* Records from a data collection

☆ ☆ ☆

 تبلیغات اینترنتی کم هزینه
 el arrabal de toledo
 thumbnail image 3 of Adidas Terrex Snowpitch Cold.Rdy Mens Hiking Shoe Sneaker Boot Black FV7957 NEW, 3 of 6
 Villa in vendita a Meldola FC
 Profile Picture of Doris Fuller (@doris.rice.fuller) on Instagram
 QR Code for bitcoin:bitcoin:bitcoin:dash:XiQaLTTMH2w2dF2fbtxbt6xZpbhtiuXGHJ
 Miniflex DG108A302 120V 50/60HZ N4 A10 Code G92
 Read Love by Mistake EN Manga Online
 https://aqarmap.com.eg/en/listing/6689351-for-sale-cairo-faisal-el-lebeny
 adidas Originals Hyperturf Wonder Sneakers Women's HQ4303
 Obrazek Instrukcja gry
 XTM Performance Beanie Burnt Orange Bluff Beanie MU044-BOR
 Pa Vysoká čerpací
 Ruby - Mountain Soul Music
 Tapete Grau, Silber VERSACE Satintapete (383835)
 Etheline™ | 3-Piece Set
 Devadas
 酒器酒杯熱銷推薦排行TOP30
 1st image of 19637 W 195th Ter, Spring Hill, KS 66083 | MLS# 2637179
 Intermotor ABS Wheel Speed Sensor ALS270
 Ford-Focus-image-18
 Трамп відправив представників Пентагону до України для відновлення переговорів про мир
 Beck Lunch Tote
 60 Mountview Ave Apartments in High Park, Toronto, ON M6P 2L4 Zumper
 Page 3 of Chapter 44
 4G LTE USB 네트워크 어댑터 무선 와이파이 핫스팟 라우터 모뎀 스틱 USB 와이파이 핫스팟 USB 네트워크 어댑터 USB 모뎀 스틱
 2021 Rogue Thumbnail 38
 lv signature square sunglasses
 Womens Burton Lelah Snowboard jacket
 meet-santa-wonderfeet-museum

☆ ☆ ☆

* Work to be completed
Set down exactly the lines of the data above, beginning with the line that has "el arrabal de toledo" and ending with the line that has "Miniflex DG108A302 120V", and no others.

* Expected answer
 el arrabal de toledo
 thumbnail image 3 of Adidas Terrex Snowpitch Cold.Rdy Mens Hiking Shoe Sneaker Boot Black FV7957 NEW, 3 of 6
 Villa in vendita a Meldola FC
 Profile Picture of Doris Fuller (@doris.rice.fuller) on Instagram
 QR Code for bitcoin:bitcoin:bitcoin:dash:XiQaLTTMH2w2dF2fbtxbt6xZpbhtiuXGHJ
 Miniflex DG108A302 120V 50/60HZ N4 A10 Code G92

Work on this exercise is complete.